• _AIM OF THE TASK_
Please transcribe exactly the line that holds "GAZİANTEP BÜYÜKŞEHİR BELEDİYE" and all lines that follow it to the end of the records below, omitting any pictures.

[Brief descriptive captions]
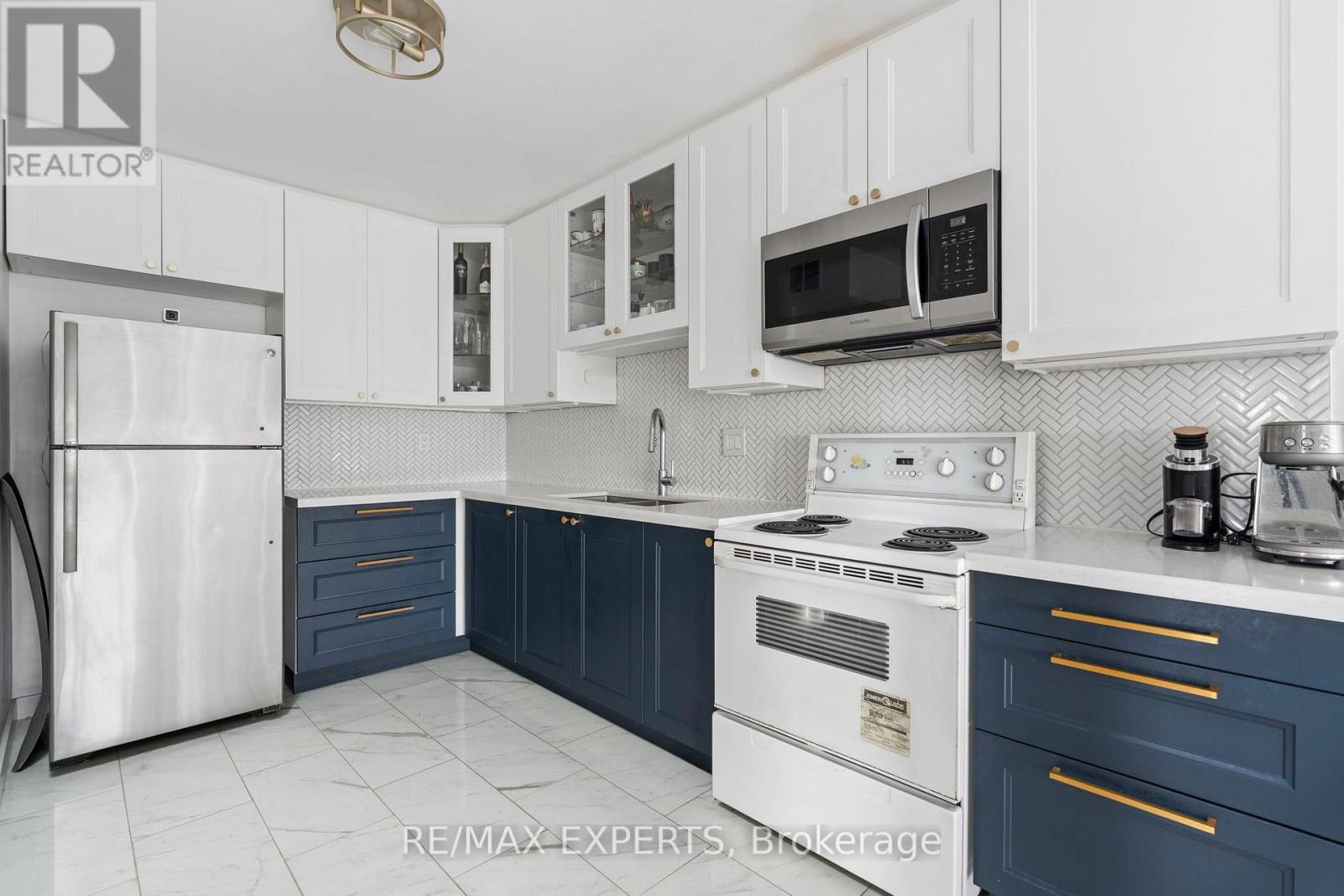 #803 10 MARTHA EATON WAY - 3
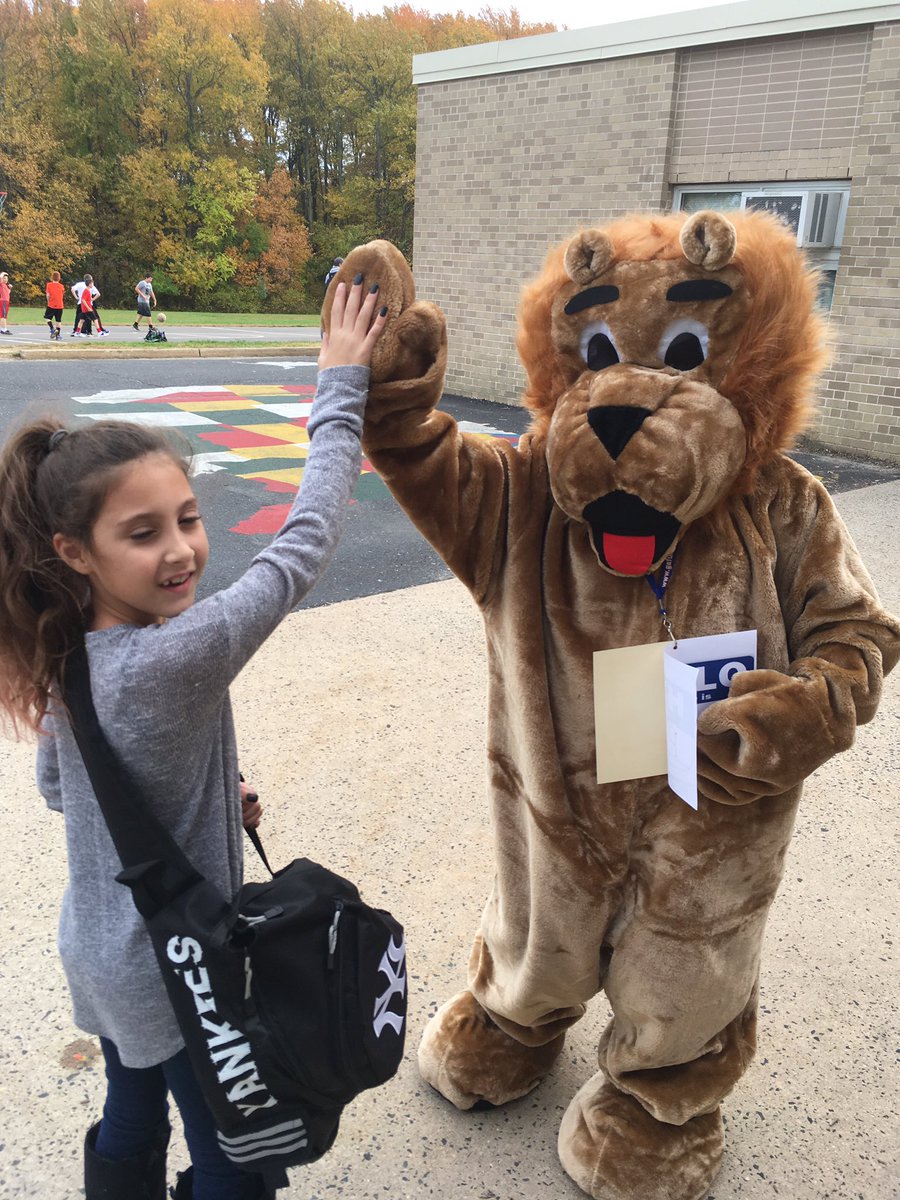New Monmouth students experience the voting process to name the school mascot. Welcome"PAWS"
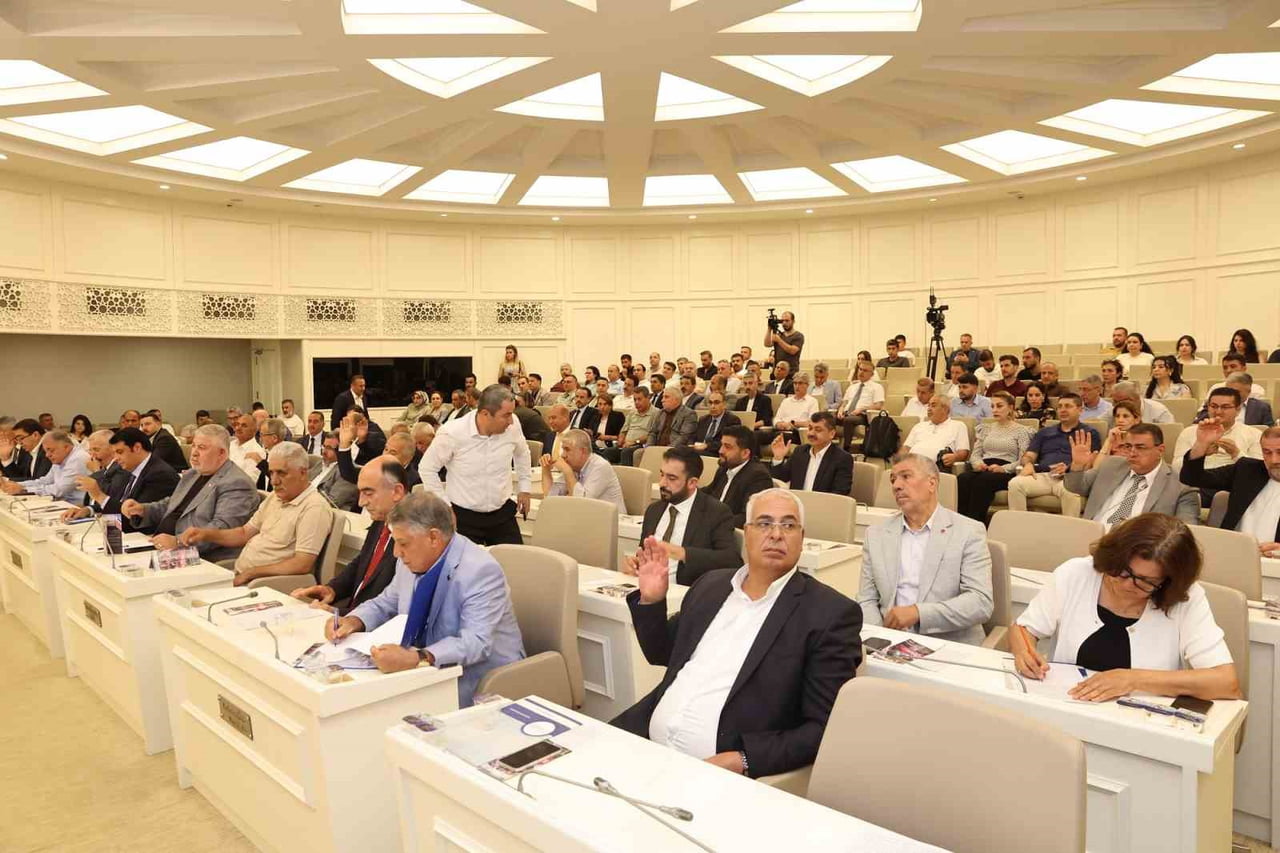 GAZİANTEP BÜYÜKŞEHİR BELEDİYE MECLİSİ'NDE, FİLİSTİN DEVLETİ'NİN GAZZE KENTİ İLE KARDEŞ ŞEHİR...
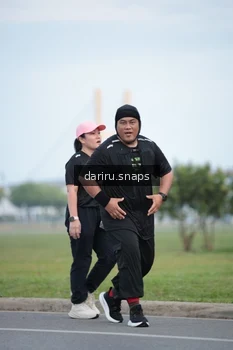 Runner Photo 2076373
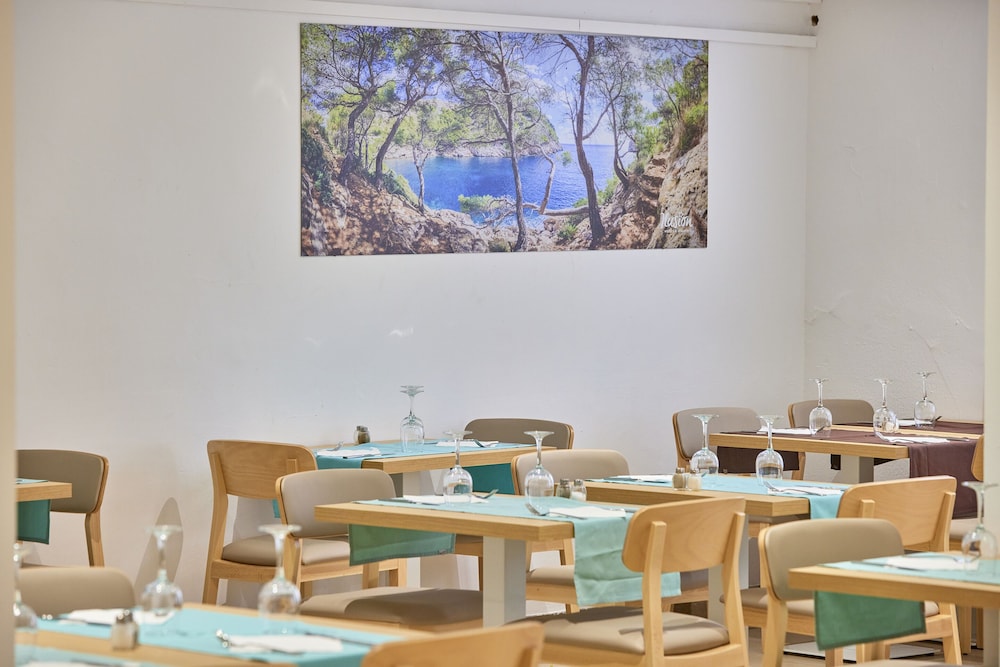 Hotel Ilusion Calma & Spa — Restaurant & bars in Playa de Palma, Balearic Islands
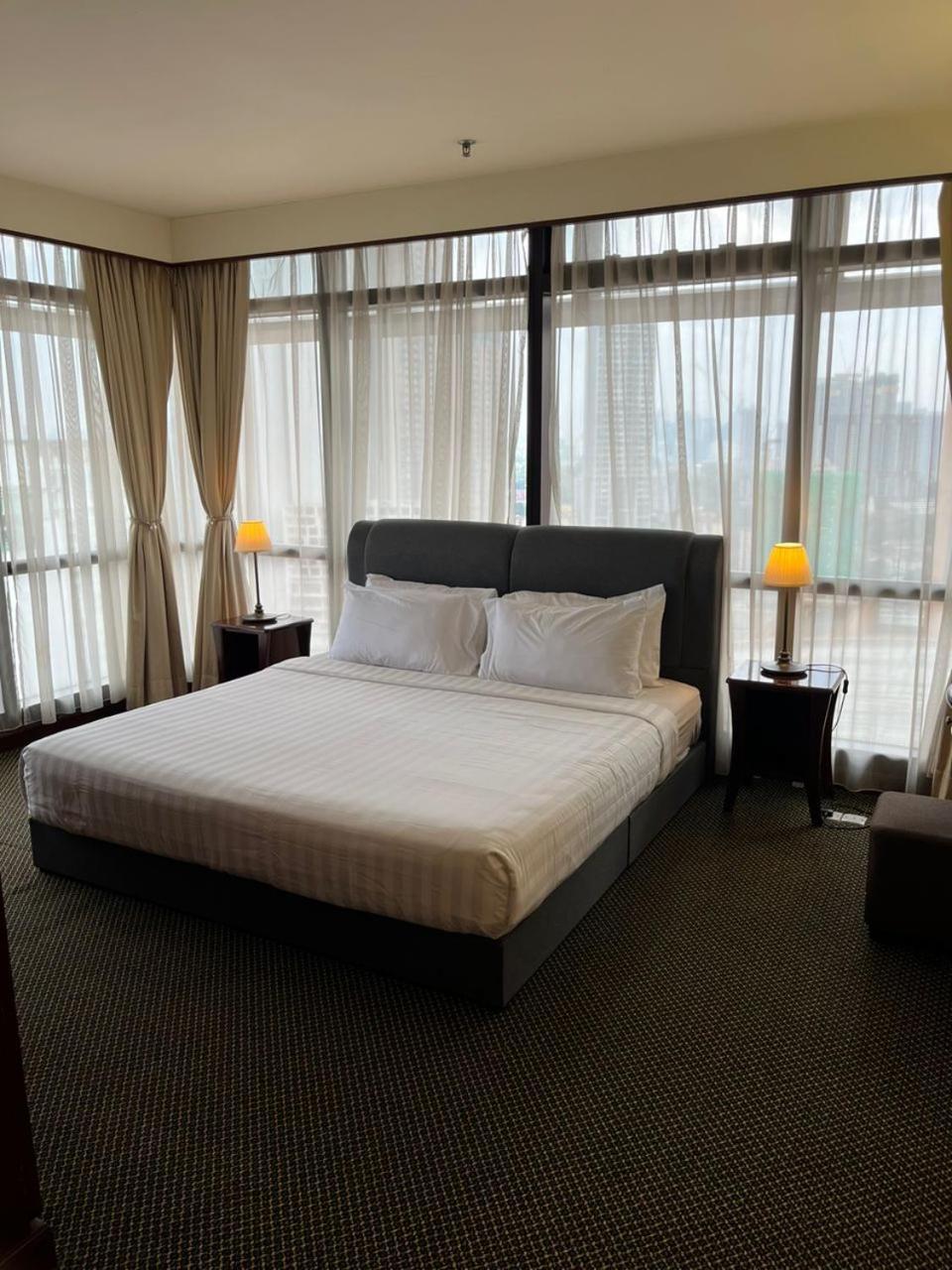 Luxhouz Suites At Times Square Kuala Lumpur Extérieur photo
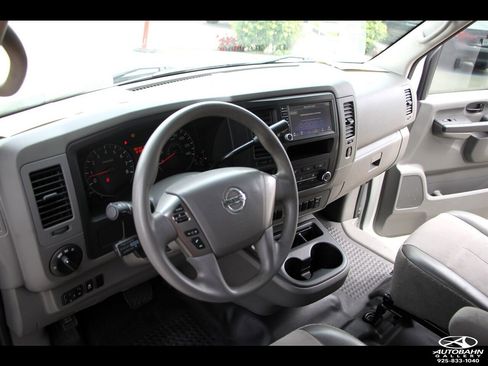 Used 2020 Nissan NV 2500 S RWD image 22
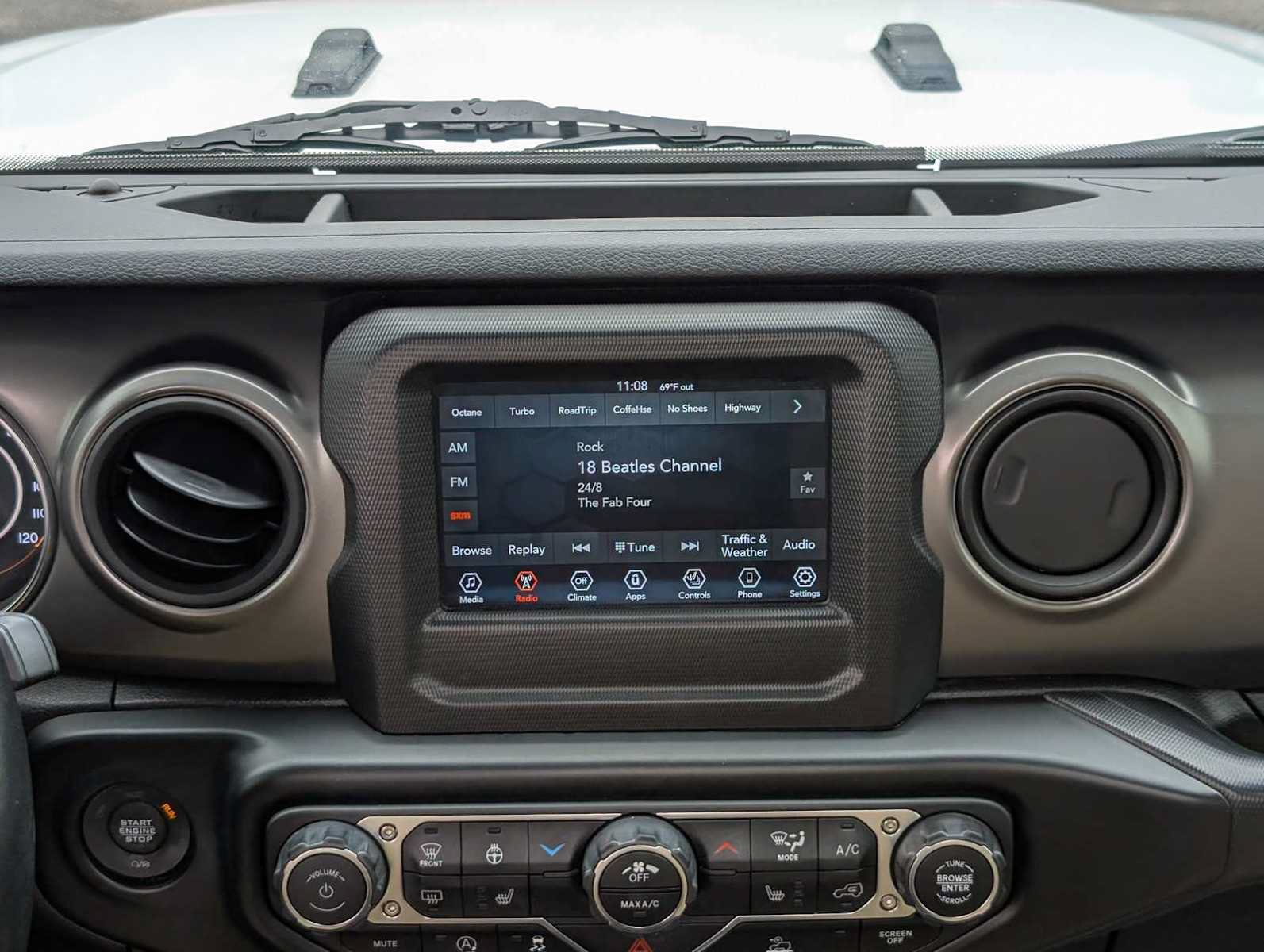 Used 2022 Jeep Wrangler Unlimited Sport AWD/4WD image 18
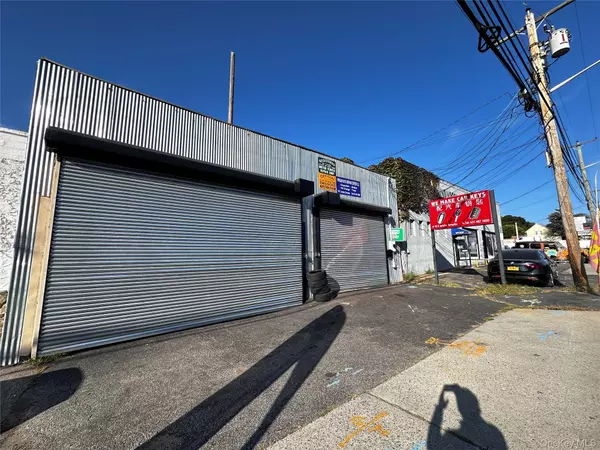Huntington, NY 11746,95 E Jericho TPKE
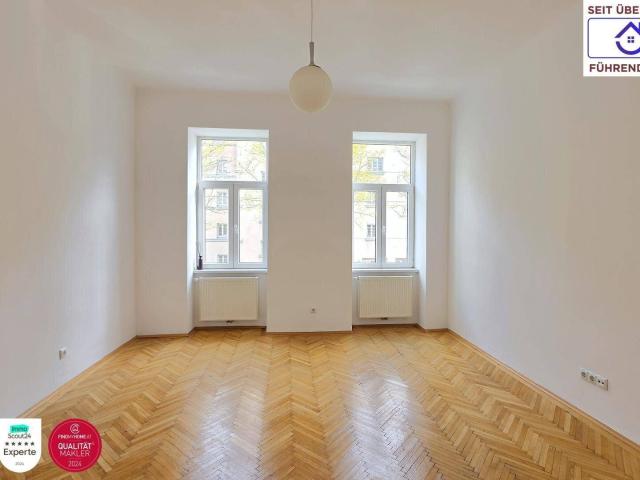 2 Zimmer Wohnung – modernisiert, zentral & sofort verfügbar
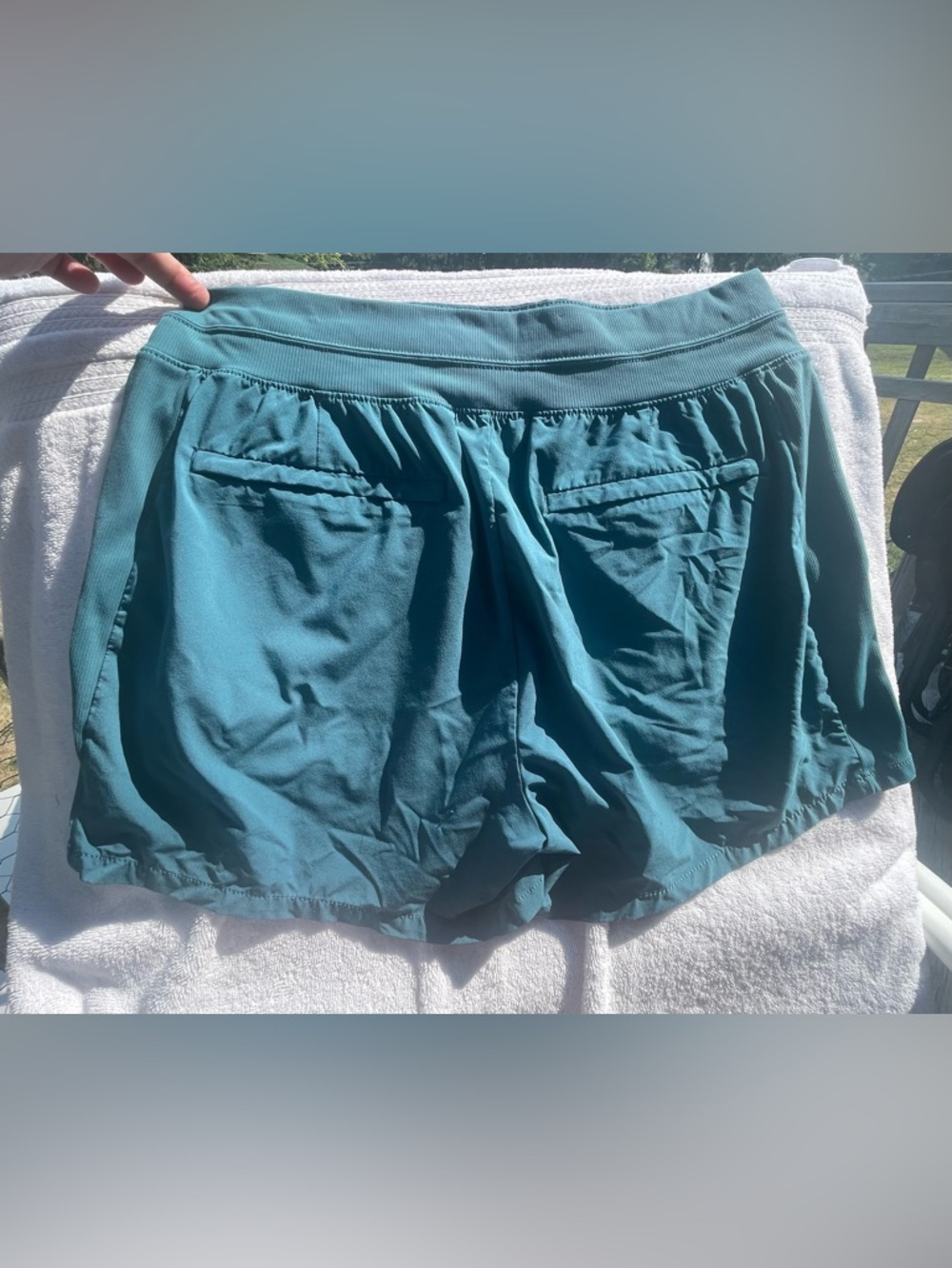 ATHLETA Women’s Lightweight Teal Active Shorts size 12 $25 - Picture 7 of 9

• _TASK SOLUTION_
 GAZİANTEP BÜYÜKŞEHİR BELEDİYE MECLİSİ'NDE, FİLİSTİN DEVLETİ'NİN GAZZE KENTİ İLE KARDEŞ ŞEHİR...
 Runner Photo 2076373
 Hotel Ilusion Calma & Spa — Restaurant & bars in Playa de Palma, Balearic Islands
 Luxhouz Suites At Times Square Kuala Lumpur Extérieur photo
 Used 2020 Nissan NV 2500 S RWD image 22
 Used 2022 Jeep Wrangler Unlimited Sport AWD/4WD image 18
Huntington, NY 11746,95 E Jericho TPKE
 2 Zimmer Wohnung – modernisiert, zentral & sofort verfügbar
 ATHLETA Women’s Lightweight Teal Active Shorts size 12 $25 - Picture 7 of 9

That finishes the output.